/wasm-demo-app

WebAssembly Demo App

Primary LanguageShellApache License 2.0Apache-2.0

wasm-demo-app

This repository is a tutorial for setting up a WebAssembly demo application to be executed as a container using crun, podman, and MicroShift (OpenShift optimized for edge computing).

If you're not interested in trying out the MicroShift portion of this tutorial, you can optionally try a slightly older version of this tutorial using Fedora. If so please see the Fedora tutorial. Otherwise, the rest of this tutorial will focus on RHEL 8, as that's where MicroShift is currently supported.

Install Dependencies

Before proceeding with this tutorial, you'll need to install various dependencies listed below. We list out all of the steps but leave it up to the user if they want to separate their environments between a development environment and a deployment environment, or they could certainly be the same system.

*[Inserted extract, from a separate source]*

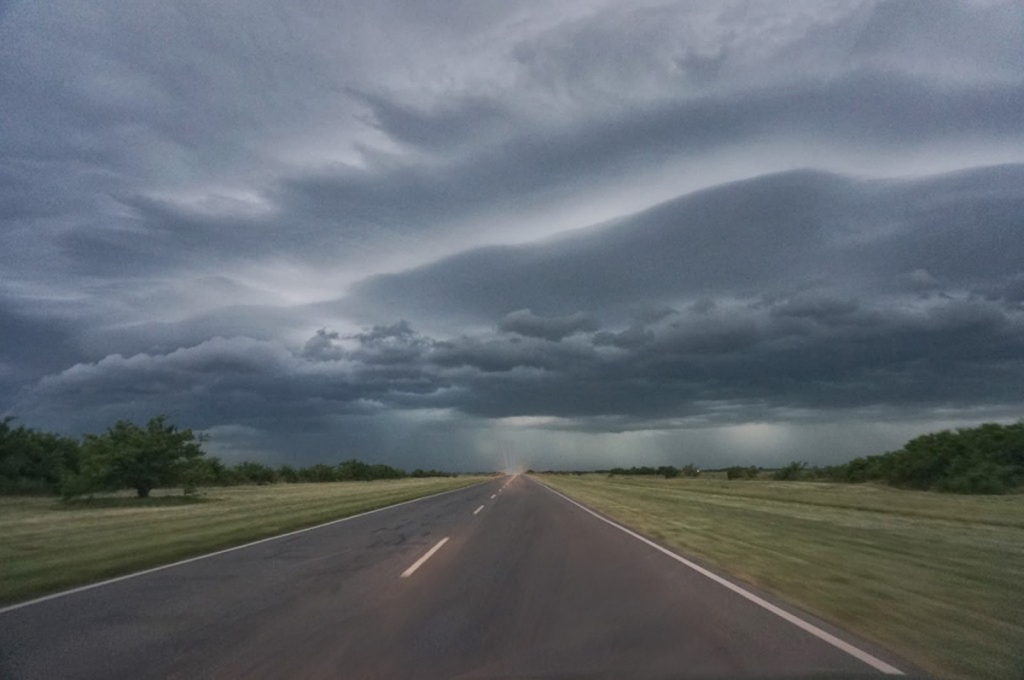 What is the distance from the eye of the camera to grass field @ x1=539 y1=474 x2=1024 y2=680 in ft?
26.5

Additionally, not all installation steps are required below. It really depends on which deployment examples you're interested in e.g. wasmedge, crun, podman, cri-o, MicroShift or all of the above. So you may want to look at the deployment options below in Run WASM App to determine which dependencies you should install.

Install RHEL 8

First you'll need a RHEL 8 installation on a VM or baremetal system. Here we focus on a VM installation using the libvirt virtualization platform.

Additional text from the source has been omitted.